[Records from a dataset]

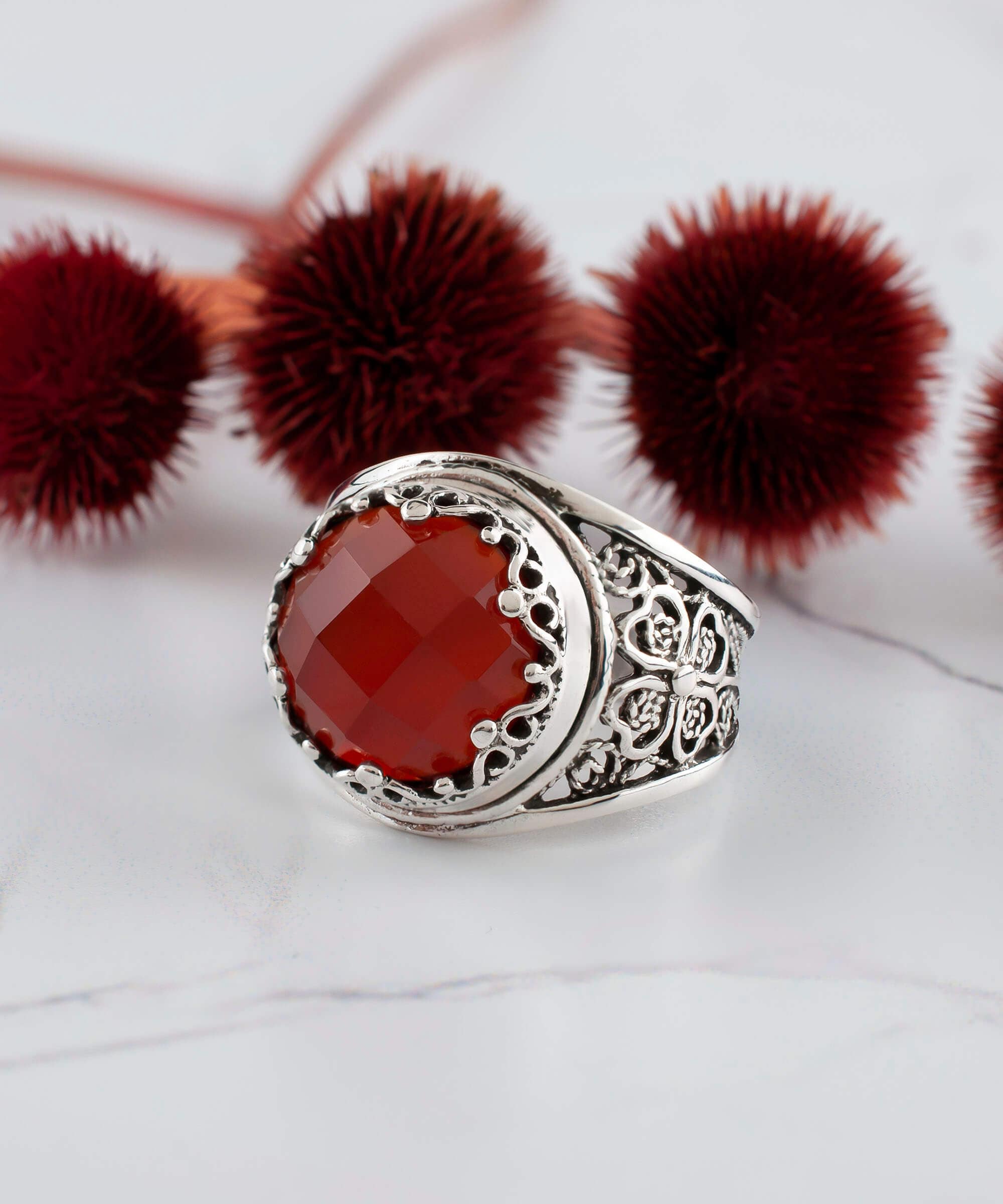 A stunning sterling silver filigree ring featuring a round, faceted rose-cut carnelian gemstone, elegantly designed for women.
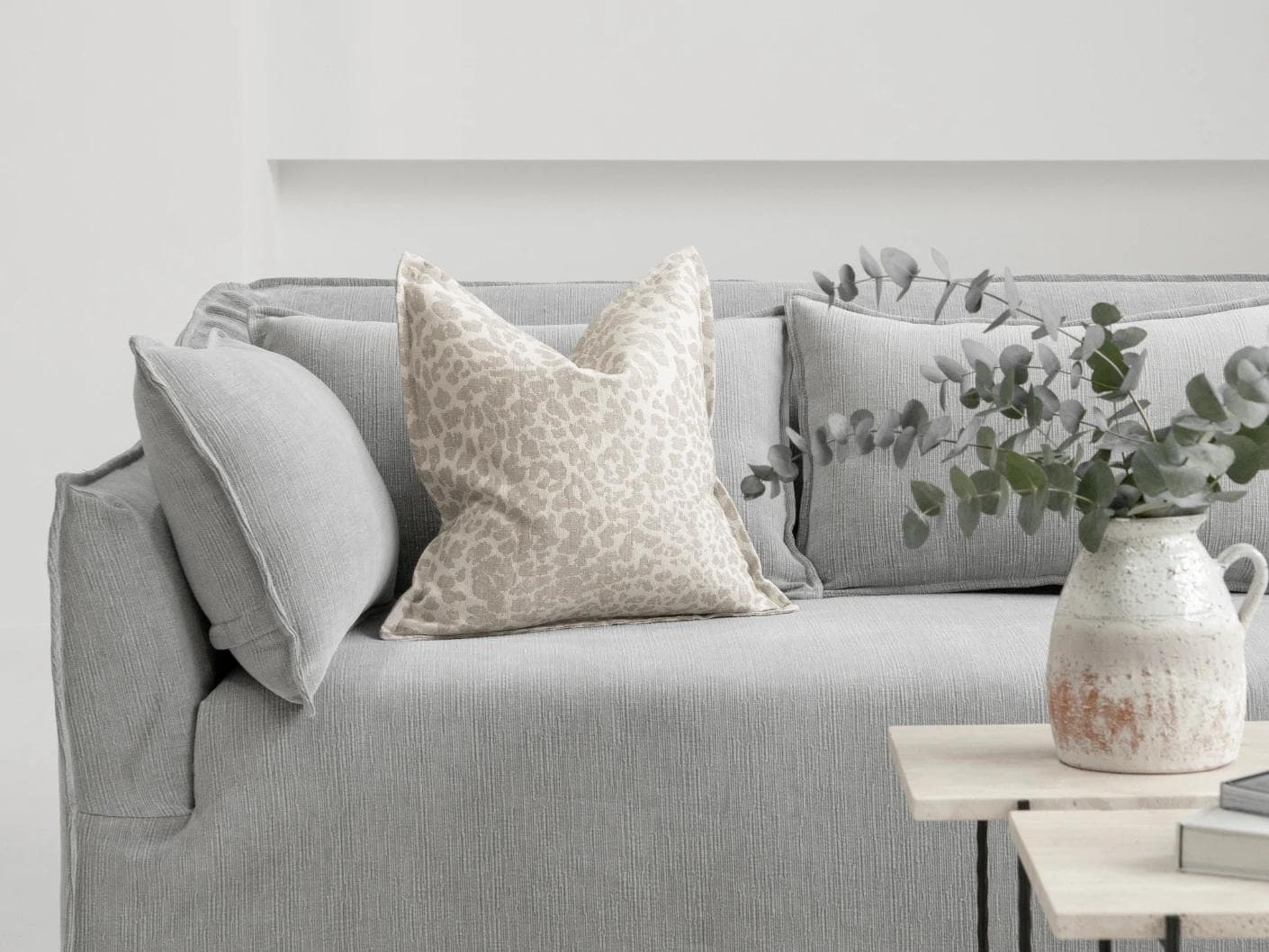 Val Klimt cushion in beige and ivory, shown in a lifestyle front view as image 4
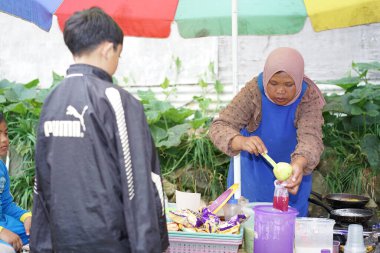 Yolun kenarında satış yapan bir kadın.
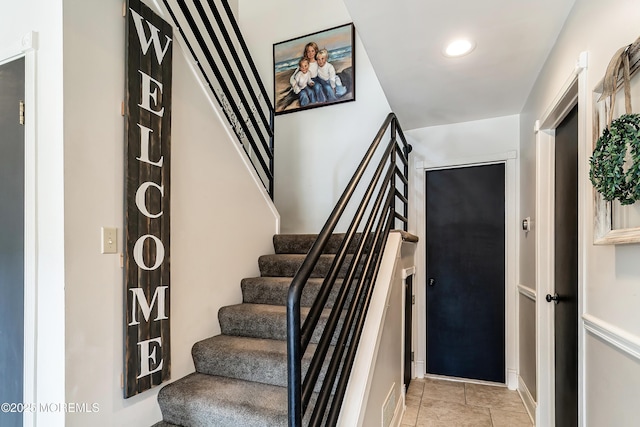 stairs featuring visible vents and recessed lighting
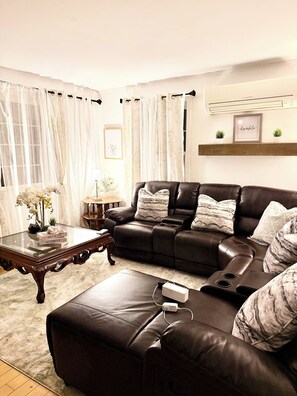 A living room with a leather sofa, a glass coffee table, and a rug.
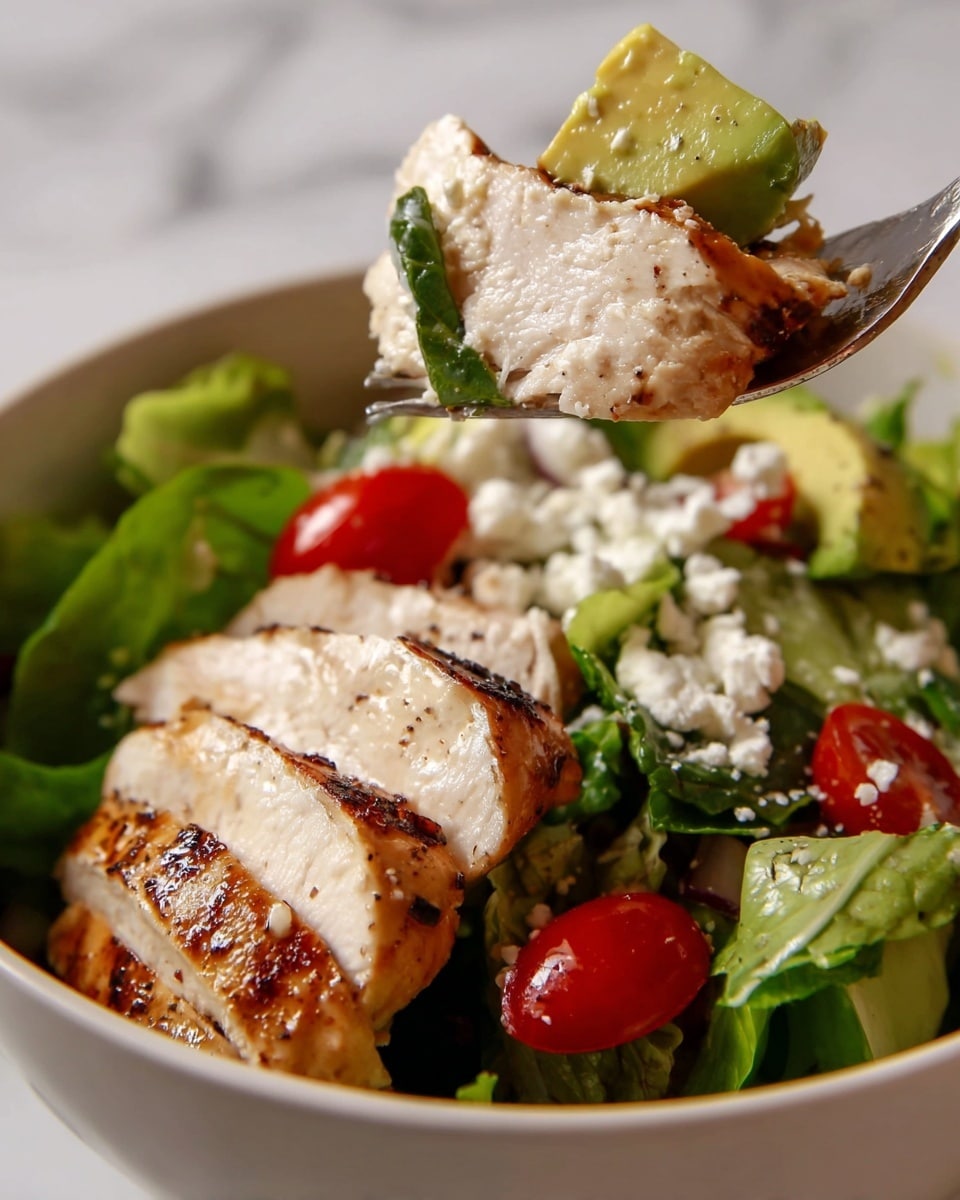 A close-up view of a white bowl filled with a salad made of three layers: at the bottom, thick slices of grilled chicken breast with golden brown grill marks and a moist texture; in the middle, a mix of fresh green lettuce leaves with bright red cherry tomato halves scattered throughout; and on the top, a fork holding a bite showing a piece of grilled chicken, a chunk of creamy green avocado sprinkled with white feta cheese crumbles, a cherry tomato half, and some leafy spinach. The background is a white marbled texture. Photo taken with an iphone --ar 4:5 --v 7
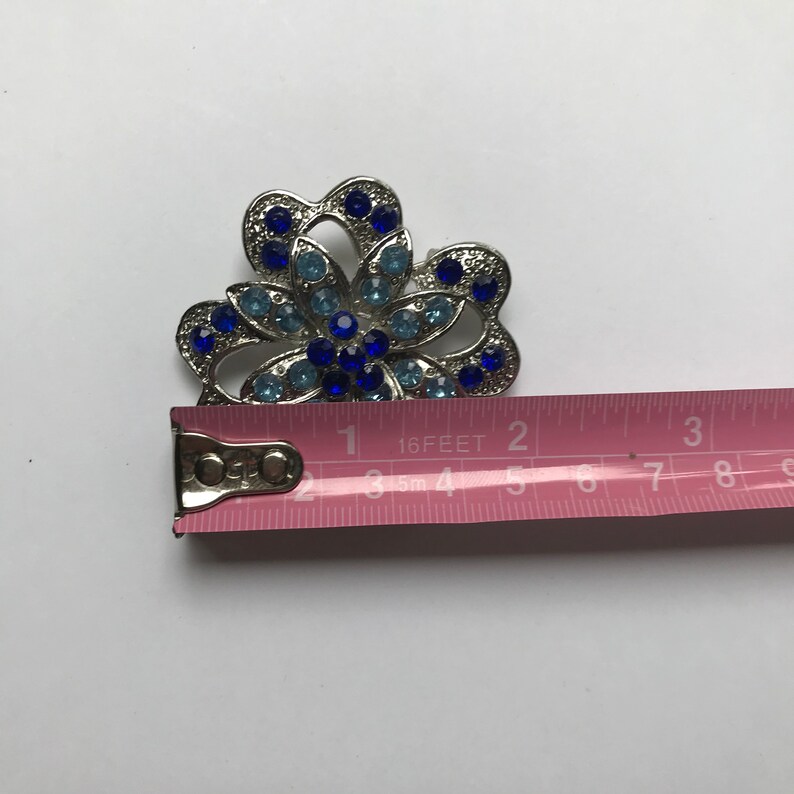 Vintage Silvertone Blue Rhinestone Flower Brooch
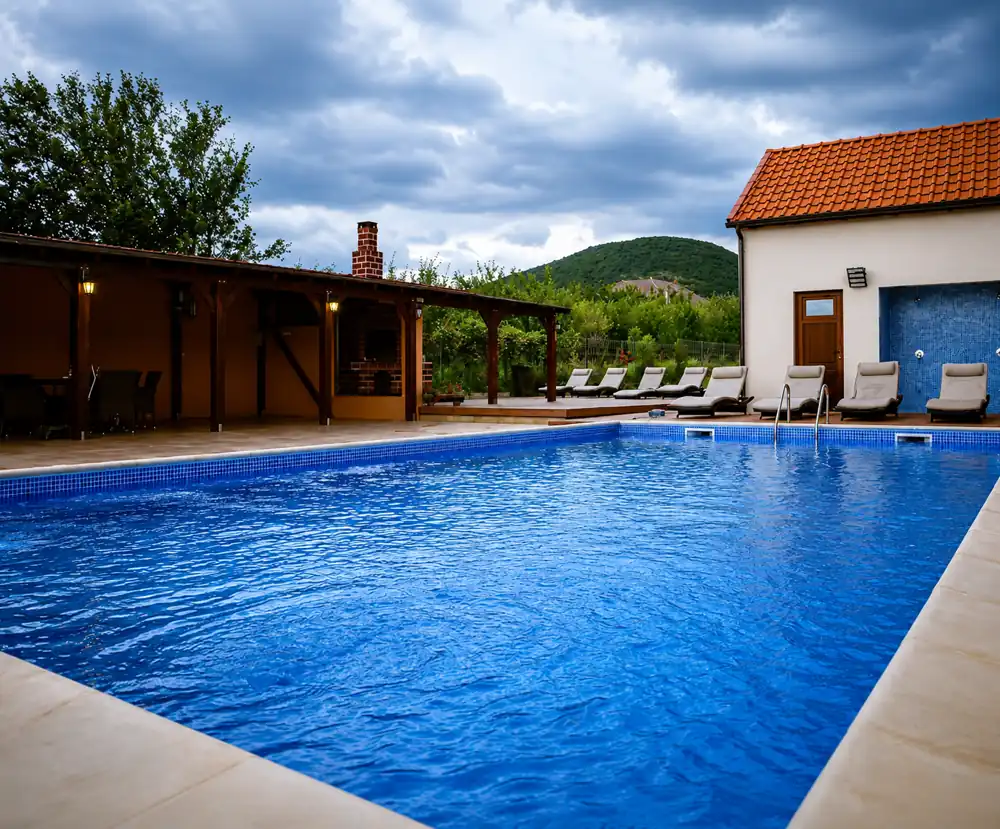 Outdoor swimming pool with loungers, pergola and the hills behind Pensiunea Elis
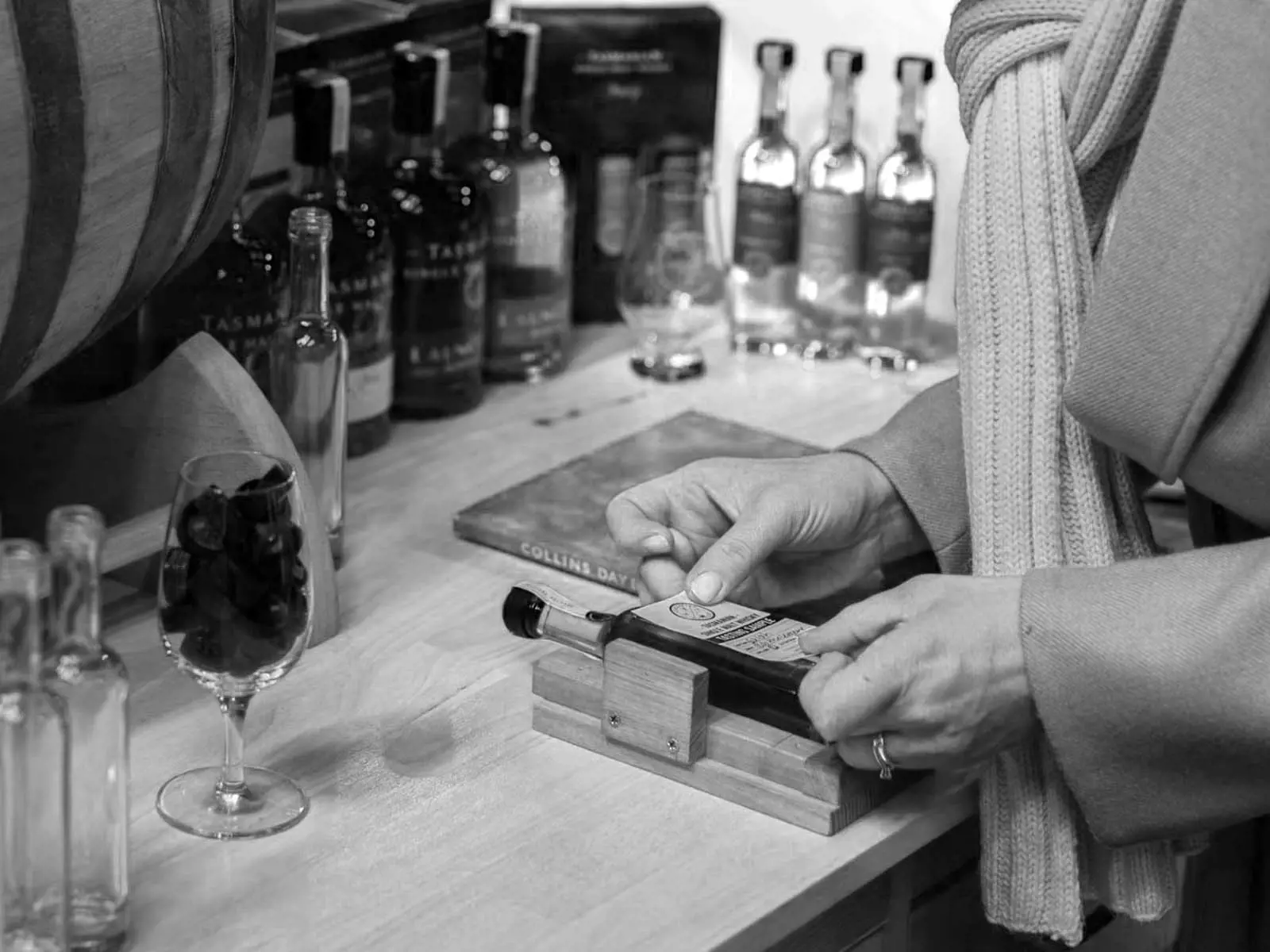 A person is carefully pasting a label onto a small bottle lying on a table. Other whiskies, bottles and glasses surround the worktop.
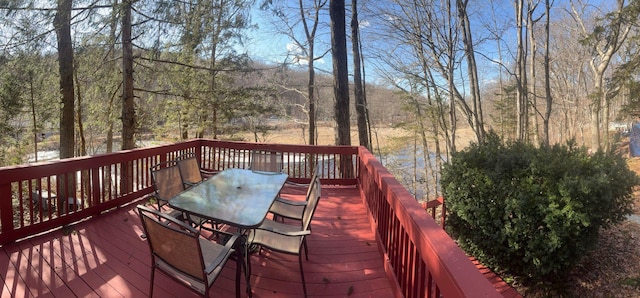 wooden deck featuring outdoor dining space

**Task description:**
Please transcribe, word for word, every line from the one containing "Val Klimt cushion" through the last line of the records, both included, and leave the pictures out.

**Reply:**
 Val Klimt cushion in beige and ivory, shown in a lifestyle front view as image 4
 Yolun kenarında satış yapan bir kadın.
 stairs featuring visible vents and recessed lighting
 A living room with a leather sofa, a glass coffee table, and a rug.
 A close-up view of a white bowl filled with a salad made of three layers: at the bottom, thick slices of grilled chicken breast with golden brown grill marks and a moist texture; in the middle, a mix of fresh green lettuce leaves with bright red cherry tomato halves scattered throughout; and on the top, a fork holding a bite showing a piece of grilled chicken, a chunk of creamy green avocado sprinkled with white feta cheese crumbles, a cherry tomato half, and some leafy spinach. The background is a white marbled texture. Photo taken with an iphone --ar 4:5 --v 7
 Vintage Silvertone Blue Rhinestone Flower Brooch
 Outdoor swimming pool with loungers, pergola and the hills behind Pensiunea Elis
 A person is carefully pasting a label onto a small bottle lying on a table. Other whiskies, bottles and glasses surround the worktop.
 wooden deck featuring outdoor dining space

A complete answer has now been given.